Task inputs:
/---

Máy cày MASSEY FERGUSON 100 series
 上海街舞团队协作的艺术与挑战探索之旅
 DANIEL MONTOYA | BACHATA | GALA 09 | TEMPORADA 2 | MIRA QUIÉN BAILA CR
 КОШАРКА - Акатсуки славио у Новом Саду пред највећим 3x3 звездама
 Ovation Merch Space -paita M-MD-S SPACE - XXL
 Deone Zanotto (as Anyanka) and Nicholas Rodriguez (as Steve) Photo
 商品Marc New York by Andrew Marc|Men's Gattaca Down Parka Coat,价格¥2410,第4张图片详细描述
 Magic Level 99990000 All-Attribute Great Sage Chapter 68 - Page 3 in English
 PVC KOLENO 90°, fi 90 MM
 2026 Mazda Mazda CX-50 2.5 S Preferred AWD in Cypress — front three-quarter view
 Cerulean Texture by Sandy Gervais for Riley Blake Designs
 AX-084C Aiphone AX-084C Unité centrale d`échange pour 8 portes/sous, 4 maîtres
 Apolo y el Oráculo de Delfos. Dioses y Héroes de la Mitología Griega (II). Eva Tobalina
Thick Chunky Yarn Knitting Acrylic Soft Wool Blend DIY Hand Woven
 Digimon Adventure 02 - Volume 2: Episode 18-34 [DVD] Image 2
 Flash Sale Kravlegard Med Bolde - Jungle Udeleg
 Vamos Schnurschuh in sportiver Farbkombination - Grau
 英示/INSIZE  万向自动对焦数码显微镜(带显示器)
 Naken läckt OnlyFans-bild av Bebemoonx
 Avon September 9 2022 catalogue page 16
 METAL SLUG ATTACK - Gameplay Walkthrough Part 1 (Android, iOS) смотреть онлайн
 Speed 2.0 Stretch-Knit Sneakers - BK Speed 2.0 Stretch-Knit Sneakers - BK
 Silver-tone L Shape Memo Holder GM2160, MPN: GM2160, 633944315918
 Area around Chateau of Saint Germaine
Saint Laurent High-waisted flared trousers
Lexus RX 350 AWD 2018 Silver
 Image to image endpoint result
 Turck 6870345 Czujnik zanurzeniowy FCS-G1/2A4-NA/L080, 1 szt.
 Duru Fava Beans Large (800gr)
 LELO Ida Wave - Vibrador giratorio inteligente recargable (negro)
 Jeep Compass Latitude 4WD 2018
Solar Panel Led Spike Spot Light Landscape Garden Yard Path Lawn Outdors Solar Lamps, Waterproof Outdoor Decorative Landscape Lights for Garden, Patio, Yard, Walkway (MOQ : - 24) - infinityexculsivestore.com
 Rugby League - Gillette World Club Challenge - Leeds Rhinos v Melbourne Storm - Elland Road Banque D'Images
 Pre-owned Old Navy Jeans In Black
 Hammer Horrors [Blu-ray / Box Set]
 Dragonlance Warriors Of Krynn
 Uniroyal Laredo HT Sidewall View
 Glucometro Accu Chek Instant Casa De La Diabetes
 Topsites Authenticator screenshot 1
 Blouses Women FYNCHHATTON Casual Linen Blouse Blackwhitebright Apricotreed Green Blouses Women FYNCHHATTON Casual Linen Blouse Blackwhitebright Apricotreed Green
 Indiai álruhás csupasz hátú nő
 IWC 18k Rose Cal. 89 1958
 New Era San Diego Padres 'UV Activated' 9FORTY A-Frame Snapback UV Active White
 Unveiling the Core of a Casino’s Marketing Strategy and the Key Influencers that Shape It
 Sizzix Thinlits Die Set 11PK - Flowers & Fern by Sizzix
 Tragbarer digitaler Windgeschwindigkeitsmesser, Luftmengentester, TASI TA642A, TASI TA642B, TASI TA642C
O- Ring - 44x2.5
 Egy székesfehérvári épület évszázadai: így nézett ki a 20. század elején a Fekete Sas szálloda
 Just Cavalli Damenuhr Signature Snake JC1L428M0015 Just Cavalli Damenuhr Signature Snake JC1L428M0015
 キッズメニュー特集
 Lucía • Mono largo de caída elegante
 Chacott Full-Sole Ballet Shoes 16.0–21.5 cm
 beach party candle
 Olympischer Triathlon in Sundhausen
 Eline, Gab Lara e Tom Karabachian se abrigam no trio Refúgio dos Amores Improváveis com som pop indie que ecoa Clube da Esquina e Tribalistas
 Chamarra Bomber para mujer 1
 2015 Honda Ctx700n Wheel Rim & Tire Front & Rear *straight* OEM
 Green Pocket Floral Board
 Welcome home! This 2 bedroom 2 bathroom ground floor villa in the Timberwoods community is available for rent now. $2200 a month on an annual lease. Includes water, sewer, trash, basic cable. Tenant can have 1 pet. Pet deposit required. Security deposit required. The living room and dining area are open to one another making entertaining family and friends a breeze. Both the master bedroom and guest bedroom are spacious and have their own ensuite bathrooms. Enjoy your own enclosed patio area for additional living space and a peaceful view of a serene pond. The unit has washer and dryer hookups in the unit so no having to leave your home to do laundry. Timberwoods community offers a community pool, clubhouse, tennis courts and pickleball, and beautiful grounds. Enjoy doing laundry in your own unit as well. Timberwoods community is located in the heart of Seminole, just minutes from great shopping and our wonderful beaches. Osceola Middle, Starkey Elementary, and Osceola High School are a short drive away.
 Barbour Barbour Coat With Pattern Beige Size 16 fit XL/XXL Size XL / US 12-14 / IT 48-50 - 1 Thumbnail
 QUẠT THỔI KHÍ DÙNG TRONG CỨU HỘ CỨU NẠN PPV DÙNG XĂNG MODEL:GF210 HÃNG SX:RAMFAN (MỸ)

\---

Nothing is to be left out. Repeat the whole listing exactly.

Máy cày MASSEY FERGUSON 100 series
 上海街舞团队协作的艺术与挑战探索之旅
 DANIEL MONTOYA | BACHATA | GALA 09 | TEMPORADA 2 | MIRA QUIÉN BAILA CR
 КОШАРКА - Акатсуки славио у Новом Саду пред највећим 3x3 звездама
 Ovation Merch Space -paita M-MD-S SPACE - XXL
 Deone Zanotto (as Anyanka) and Nicholas Rodriguez (as Steve) Photo
 商品Marc New York by Andrew Marc|Men's Gattaca Down Parka Coat,价格¥2410,第4张图片详细描述
 Magic Level 99990000 All-Attribute Great Sage Chapter 68 - Page 3 in English
 PVC KOLENO 90°, fi 90 MM
 2026 Mazda Mazda CX-50 2.5 S Preferred AWD in Cypress — front three-quarter view
 Cerulean Texture by Sandy Gervais for Riley Blake Designs
 AX-084C Aiphone AX-084C Unité centrale d`échange pour 8 portes/sous, 4 maîtres
 Apolo y el Oráculo de Delfos. Dioses y Héroes de la Mitología Griega (II). Eva Tobalina
Thick Chunky Yarn Knitting Acrylic Soft Wool Blend DIY Hand Woven
 Digimon Adventure 02 - Volume 2: Episode 18-34 [DVD] Image 2
 Flash Sale Kravlegard Med Bolde - Jungle Udeleg
 Vamos Schnurschuh in sportiver Farbkombination - Grau
 英示/INSIZE  万向自动对焦数码显微镜(带显示器)
 Naken läckt OnlyFans-bild av Bebemoonx
 Avon September 9 2022 catalogue page 16
 METAL SLUG ATTACK - Gameplay Walkthrough Part 1 (Android, iOS) смотреть онлайн
 Speed 2.0 Stretch-Knit Sneakers - BK Speed 2.0 Stretch-Knit Sneakers - BK
 Silver-tone L Shape Memo Holder GM2160, MPN: GM2160, 633944315918
 Area around Chateau of Saint Germaine
Saint Laurent High-waisted flared trousers
Lexus RX 350 AWD 2018 Silver
 Image to image endpoint result
 Turck 6870345 Czujnik zanurzeniowy FCS-G1/2A4-NA/L080, 1 szt.
 Duru Fava Beans Large (800gr)
 LELO Ida Wave - Vibrador giratorio inteligente recargable (negro)
 Jeep Compass Latitude 4WD 2018
Solar Panel Led Spike Spot Light Landscape Garden Yard Path Lawn Outdors Solar Lamps, Waterproof Outdoor Decorative Landscape Lights for Garden, Patio, Yard, Walkway (MOQ : - 24) - infinityexculsivestore.com
 Rugby League - Gillette World Club Challenge - Leeds Rhinos v Melbourne Storm - Elland Road Banque D'Images
 Pre-owned Old Navy Jeans In Black
 Hammer Horrors [Blu-ray / Box Set]
 Dragonlance Warriors Of Krynn
 Uniroyal Laredo HT Sidewall View
 Glucometro Accu Chek Instant Casa De La Diabetes
 Topsites Authenticator screenshot 1
 Blouses Women FYNCHHATTON Casual Linen Blouse Blackwhitebright Apricotreed Green Blouses Women FYNCHHATTON Casual Linen Blouse Blackwhitebright Apricotreed Green
 Indiai álruhás csupasz hátú nő
 IWC 18k Rose Cal. 89 1958
 New Era San Diego Padres 'UV Activated' 9FORTY A-Frame Snapback UV Active White
 Unveiling the Core of a Casino’s Marketing Strategy and the Key Influencers that Shape It
 Sizzix Thinlits Die Set 11PK - Flowers & Fern by Sizzix
 Tragbarer digitaler Windgeschwindigkeitsmesser, Luftmengentester, TASI TA642A, TASI TA642B, TASI TA642C
O- Ring - 44x2.5
 Egy székesfehérvári épület évszázadai: így nézett ki a 20. század elején a Fekete Sas szálloda
 Just Cavalli Damenuhr Signature Snake JC1L428M0015 Just Cavalli Damenuhr Signature Snake JC1L428M0015
 キッズメニュー特集
 Lucía • Mono largo de caída elegante
 Chacott Full-Sole Ballet Shoes 16.0–21.5 cm
 beach party candle
 Olympischer Triathlon in Sundhausen
 Eline, Gab Lara e Tom Karabachian se abrigam no trio Refúgio dos Amores Improváveis com som pop indie que ecoa Clube da Esquina e Tribalistas
 Chamarra Bomber para mujer 1
 2015 Honda Ctx700n Wheel Rim & Tire Front & Rear *straight* OEM
 Green Pocket Floral Board
 Welcome home! This 2 bedroom 2 bathroom ground floor villa in the Timberwoods community is available for rent now. $2200 a month on an annual lease. Includes water, sewer, trash, basic cable. Tenant can have 1 pet. Pet deposit required. Security deposit required. The living room and dining area are open to one another making entertaining family and friends a breeze. Both the master bedroom and guest bedroom are spacious and have their own ensuite bathrooms. Enjoy your own enclosed patio area for additional living space and a peaceful view of a serene pond. The unit has washer and dryer hookups in the unit so no having to leave your home to do laundry. Timberwoods community offers a community pool, clubhouse, tennis courts and pickleball, and beautiful grounds. Enjoy doing laundry in your own unit as well. Timberwoods community is located in the heart of Seminole, just minutes from great shopping and our wonderful beaches. Osceola Middle, Starkey Elementary, and Osceola High School are a short drive away.
 Barbour Barbour Coat With Pattern Beige Size 16 fit XL/XXL Size XL / US 12-14 / IT 48-50 - 1 Thumbnail
 QUẠT THỔI KHÍ DÙNG TRONG CỨU HỘ CỨU NẠN PPV DÙNG XĂNG MODEL:GF210 HÃNG SX:RAMFAN (MỸ)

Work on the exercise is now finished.